I’ve been absent from here for a while. Basically my time has been eaten up by the fact that this ‘slow author’ got a lot faster at the end of last year. I joined in with NaNoWriMo (National Novel Writing Month) in November and completed my 50,000 (their word count threshold for a NaNoWriMo ‘win’). I wrote a kids book, it’s out on kindle and in paperback now, and you can find out more at the official website for the series. The first book only added up to 40,000 words, so completing the 50,000 even left me with a head start on the next book.
As soon as ‘Jack Reusen and the Fey Flame’ was written I moved on to ‘Jack Reusen and the Spark of Dreams’. It’s now in the middle of second draft stage and once again I’m feeling like a ‘slow author’. The raw wordage wasn’t as hard as I had expected, ever since I stopped micro-editing as I wrote (a great way to end up with a pile of half-written books).
I used to meticulously go over old material, editing as I went and adding more material at the end.
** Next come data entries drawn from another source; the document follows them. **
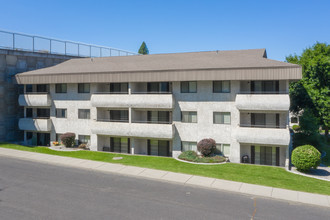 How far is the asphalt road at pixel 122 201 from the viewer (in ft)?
44.4

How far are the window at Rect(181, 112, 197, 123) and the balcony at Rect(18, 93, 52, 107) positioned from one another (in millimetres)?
16141

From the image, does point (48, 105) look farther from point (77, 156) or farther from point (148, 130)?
point (148, 130)

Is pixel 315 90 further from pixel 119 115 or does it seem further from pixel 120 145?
pixel 120 145

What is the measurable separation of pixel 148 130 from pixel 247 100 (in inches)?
393

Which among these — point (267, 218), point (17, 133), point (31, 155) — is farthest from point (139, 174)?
point (17, 133)

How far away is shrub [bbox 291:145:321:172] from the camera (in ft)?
73.8

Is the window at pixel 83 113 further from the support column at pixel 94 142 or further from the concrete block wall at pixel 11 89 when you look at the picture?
the concrete block wall at pixel 11 89

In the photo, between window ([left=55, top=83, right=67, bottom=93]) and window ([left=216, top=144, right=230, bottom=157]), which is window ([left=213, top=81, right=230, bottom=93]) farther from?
window ([left=55, top=83, right=67, bottom=93])

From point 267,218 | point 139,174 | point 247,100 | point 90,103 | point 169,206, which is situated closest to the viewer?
point 267,218

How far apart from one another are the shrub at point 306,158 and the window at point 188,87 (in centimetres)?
1082

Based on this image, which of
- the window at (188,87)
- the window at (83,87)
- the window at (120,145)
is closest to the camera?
the window at (188,87)

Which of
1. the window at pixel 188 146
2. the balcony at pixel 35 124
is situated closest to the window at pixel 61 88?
the balcony at pixel 35 124

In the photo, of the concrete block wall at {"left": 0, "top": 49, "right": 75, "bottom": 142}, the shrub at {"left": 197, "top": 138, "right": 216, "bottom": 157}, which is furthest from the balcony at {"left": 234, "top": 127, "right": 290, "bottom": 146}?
the concrete block wall at {"left": 0, "top": 49, "right": 75, "bottom": 142}

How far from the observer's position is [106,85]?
104 ft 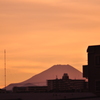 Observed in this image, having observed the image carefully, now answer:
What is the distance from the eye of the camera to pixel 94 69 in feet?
330

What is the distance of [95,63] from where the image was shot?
3949 inches

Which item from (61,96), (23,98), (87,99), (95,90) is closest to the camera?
(87,99)

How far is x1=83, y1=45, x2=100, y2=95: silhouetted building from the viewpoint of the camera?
9962 cm

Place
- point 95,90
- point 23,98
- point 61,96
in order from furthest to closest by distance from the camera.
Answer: point 95,90 → point 61,96 → point 23,98

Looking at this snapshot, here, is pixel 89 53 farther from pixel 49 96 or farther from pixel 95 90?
pixel 49 96

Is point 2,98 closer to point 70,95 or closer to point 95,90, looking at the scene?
point 70,95

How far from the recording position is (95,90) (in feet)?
325

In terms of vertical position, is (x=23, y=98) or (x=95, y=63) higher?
(x=95, y=63)

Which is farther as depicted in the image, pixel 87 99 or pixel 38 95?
pixel 38 95

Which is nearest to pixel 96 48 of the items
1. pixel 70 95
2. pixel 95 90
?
pixel 95 90

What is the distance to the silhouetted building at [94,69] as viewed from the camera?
9962 cm

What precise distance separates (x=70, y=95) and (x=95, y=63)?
2036 cm

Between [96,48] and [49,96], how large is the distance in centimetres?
2869

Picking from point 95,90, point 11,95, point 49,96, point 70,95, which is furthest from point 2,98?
point 95,90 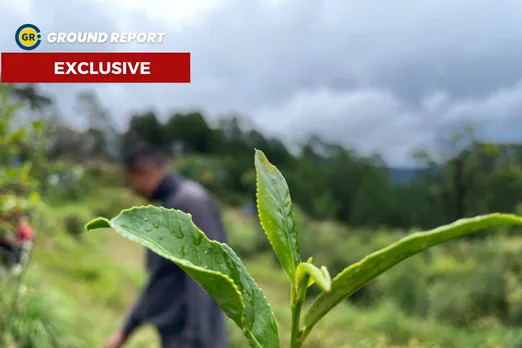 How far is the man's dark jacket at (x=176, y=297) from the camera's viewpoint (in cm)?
250

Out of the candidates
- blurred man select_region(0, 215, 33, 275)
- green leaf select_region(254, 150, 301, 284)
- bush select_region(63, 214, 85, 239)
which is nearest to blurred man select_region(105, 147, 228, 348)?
blurred man select_region(0, 215, 33, 275)

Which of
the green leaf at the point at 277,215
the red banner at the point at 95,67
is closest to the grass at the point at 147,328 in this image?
the red banner at the point at 95,67

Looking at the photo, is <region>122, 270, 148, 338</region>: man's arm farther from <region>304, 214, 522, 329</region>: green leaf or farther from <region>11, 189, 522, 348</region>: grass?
<region>304, 214, 522, 329</region>: green leaf

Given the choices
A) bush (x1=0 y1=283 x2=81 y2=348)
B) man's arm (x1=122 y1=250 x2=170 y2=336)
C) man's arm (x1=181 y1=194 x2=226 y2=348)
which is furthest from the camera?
bush (x1=0 y1=283 x2=81 y2=348)

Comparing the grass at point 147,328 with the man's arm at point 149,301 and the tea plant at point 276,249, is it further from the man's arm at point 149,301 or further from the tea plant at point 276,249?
the tea plant at point 276,249

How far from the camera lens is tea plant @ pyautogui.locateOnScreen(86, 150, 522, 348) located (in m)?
0.38

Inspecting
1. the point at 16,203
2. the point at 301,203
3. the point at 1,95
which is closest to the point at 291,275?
the point at 16,203

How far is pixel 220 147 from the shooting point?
71.6ft

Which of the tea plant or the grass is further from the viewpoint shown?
the grass

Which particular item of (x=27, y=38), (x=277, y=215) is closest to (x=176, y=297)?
(x=27, y=38)

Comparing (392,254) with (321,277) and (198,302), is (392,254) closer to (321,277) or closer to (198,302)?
(321,277)

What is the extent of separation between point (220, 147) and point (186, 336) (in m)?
19.4

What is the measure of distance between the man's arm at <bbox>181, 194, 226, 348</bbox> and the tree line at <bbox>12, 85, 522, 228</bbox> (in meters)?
13.9

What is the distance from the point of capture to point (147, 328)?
6.48 meters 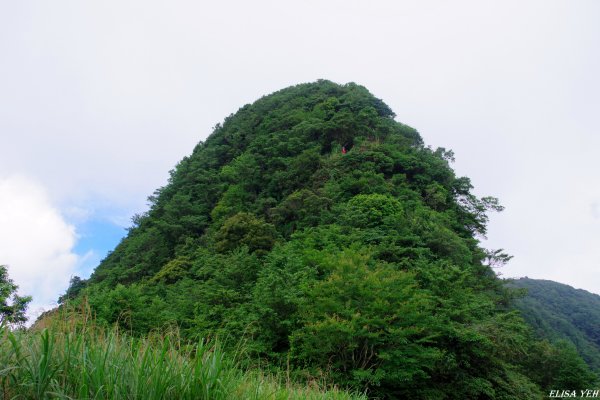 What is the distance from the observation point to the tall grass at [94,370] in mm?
2447

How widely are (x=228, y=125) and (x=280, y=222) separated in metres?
23.3

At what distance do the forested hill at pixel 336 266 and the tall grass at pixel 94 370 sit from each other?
119 cm

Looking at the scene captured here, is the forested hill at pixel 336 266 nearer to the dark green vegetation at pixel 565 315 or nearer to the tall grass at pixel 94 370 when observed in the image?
the tall grass at pixel 94 370

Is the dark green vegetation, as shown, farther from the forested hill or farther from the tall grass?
the tall grass

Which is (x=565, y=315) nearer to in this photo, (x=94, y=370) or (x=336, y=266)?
(x=336, y=266)

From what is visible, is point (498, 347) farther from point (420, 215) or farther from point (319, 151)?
point (319, 151)

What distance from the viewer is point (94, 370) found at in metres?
2.62

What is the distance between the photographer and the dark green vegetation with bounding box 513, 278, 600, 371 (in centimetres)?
3425

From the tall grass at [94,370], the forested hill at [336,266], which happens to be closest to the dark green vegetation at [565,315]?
the forested hill at [336,266]

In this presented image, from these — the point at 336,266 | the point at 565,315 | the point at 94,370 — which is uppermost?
the point at 565,315

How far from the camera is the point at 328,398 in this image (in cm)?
489

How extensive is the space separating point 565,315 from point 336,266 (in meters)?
54.5

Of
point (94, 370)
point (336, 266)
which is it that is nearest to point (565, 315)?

As the text got larger this process would take longer until I struggled to get past chapter five or six. Do NOT do this, you will learn to hate your book, get so bored of your characters that you change them and then have to rewrite the achingly small portion of text you already have.
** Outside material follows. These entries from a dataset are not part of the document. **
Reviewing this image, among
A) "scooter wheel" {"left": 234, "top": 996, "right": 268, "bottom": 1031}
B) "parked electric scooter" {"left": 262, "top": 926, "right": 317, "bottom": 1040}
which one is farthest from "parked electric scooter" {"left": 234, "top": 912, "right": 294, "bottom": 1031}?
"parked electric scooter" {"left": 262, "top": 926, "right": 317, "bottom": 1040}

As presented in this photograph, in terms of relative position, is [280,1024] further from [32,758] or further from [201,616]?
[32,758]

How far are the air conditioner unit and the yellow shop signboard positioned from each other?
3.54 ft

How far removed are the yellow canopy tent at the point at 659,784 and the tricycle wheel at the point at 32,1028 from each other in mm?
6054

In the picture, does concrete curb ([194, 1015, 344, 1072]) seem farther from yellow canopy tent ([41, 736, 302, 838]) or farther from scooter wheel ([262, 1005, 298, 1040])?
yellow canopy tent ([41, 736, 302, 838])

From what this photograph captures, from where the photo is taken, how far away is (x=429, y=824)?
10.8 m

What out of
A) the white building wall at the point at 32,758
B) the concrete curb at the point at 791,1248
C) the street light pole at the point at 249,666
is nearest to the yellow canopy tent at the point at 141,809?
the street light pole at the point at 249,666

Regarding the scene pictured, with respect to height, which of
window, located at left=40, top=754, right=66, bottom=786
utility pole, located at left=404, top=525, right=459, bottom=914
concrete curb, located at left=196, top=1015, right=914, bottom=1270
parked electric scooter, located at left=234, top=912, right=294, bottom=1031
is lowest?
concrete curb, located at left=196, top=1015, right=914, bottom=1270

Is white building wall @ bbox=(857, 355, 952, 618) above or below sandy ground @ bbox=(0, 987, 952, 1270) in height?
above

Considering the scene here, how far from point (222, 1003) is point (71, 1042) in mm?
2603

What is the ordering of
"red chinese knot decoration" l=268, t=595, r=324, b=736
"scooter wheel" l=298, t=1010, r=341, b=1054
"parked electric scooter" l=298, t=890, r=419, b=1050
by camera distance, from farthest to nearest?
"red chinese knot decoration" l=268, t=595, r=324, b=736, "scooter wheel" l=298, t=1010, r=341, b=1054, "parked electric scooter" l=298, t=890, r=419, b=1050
Almost every professional author ever, when asked, says that the only way to write a book is to ‘just write’ and it really is that simple. Just remember that what you make when you first sit down to write is like a sculptor selecting their rough stone. Simply make sure that the story you want is in there somewhere. From that rough draft you can hone something great: renaming characters, rewriting clunky scenes, even changing whole scenarios. We all write nonsense, we’ll sprint and polish off a few thousand words in an hour or two, write bleary eyed (and blearier brained) at two in the morning, or even simply fit in patchy ten or twenty minute bursts where we can. Just write, sort out the mistakes later. The honing, the majority of the research, the careful selection of names for characters and places, all of this is draft number two stuff and even when you’re on the second draft don’t forget that you can still move into a third draft if you’re not happy.
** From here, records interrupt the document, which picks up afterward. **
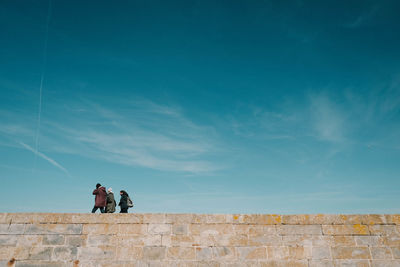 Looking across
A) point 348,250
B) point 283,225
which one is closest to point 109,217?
point 283,225

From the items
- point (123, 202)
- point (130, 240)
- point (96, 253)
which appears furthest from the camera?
point (123, 202)

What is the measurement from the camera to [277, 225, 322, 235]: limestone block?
5680 mm

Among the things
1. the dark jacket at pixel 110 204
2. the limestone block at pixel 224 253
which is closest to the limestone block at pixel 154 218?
the limestone block at pixel 224 253

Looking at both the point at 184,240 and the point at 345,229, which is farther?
the point at 345,229

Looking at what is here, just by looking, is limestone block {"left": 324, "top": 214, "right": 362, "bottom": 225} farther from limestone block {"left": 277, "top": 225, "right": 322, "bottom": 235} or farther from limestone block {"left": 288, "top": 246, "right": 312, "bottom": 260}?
limestone block {"left": 288, "top": 246, "right": 312, "bottom": 260}

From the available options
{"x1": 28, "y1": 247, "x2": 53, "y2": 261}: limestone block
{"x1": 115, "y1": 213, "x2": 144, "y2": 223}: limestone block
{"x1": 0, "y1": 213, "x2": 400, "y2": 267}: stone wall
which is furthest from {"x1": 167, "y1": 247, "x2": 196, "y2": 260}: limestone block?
{"x1": 28, "y1": 247, "x2": 53, "y2": 261}: limestone block

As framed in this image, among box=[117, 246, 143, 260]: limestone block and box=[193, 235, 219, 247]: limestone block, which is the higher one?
box=[193, 235, 219, 247]: limestone block

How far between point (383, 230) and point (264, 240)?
2732 mm

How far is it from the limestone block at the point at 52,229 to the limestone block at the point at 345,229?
5.56 m

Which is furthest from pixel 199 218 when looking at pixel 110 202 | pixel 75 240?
pixel 110 202

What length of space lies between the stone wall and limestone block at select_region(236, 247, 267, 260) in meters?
0.02

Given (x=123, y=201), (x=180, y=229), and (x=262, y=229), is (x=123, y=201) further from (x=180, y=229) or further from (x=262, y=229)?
(x=262, y=229)

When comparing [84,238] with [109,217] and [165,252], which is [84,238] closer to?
[109,217]

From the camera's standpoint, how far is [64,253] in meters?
5.43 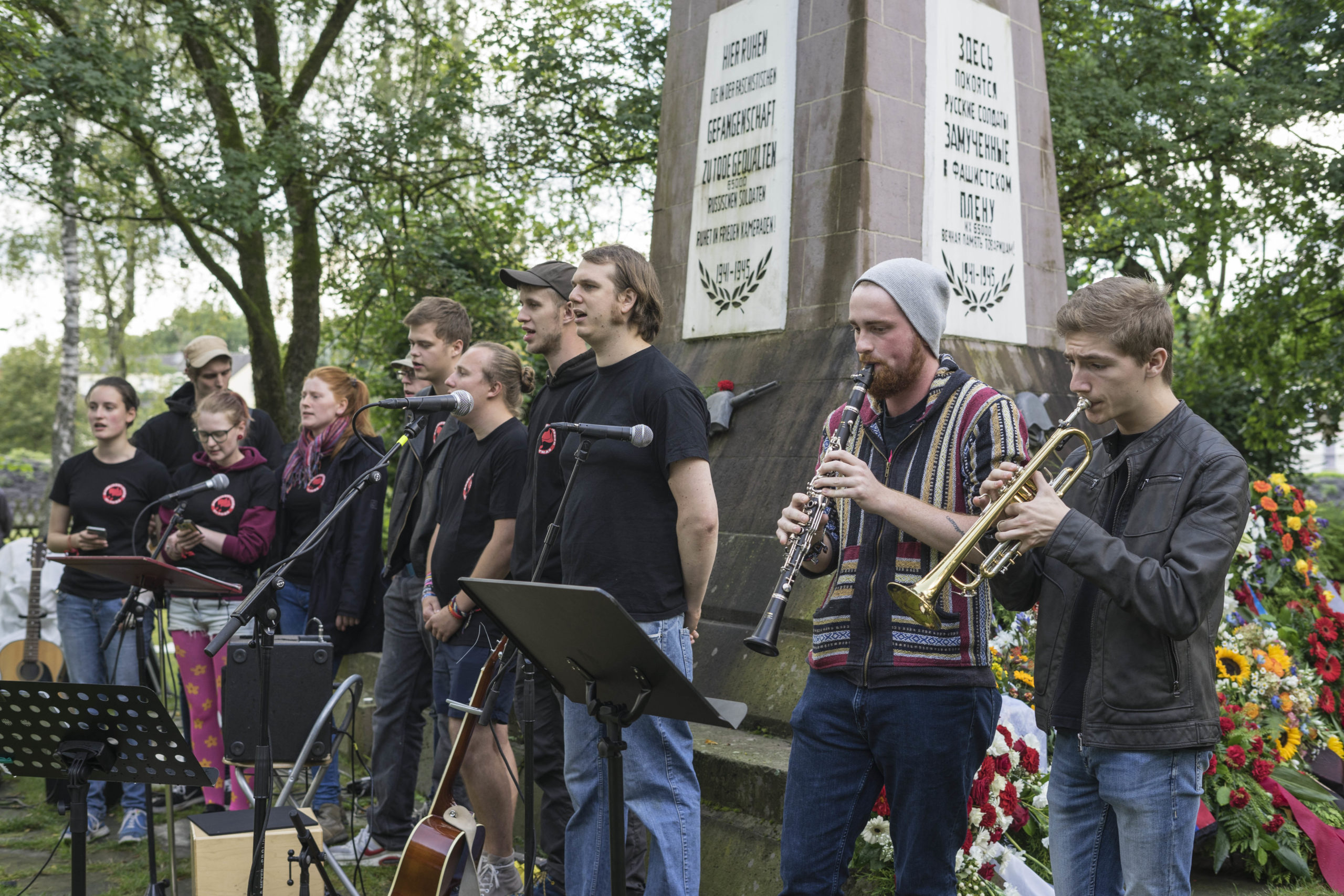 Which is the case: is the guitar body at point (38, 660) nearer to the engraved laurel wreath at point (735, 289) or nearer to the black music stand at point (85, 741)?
the black music stand at point (85, 741)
The toughest rule I set myself was purposefully making my chapters longer than they needed to be. Trimming five-hundred words takes me almost as long as writing two thousand but its necessary. Each of my chapters should be around two-thousand words but I purposefully write the first draft at two and a half thousand per chapter. Doing this makes me certain that my second draft will make the best use of its word count. It’s a good habit to get into and it lets ‘writer John’ enjoy writing, safe in the knowledge that ‘editor John’ will sort it all out on the second pass.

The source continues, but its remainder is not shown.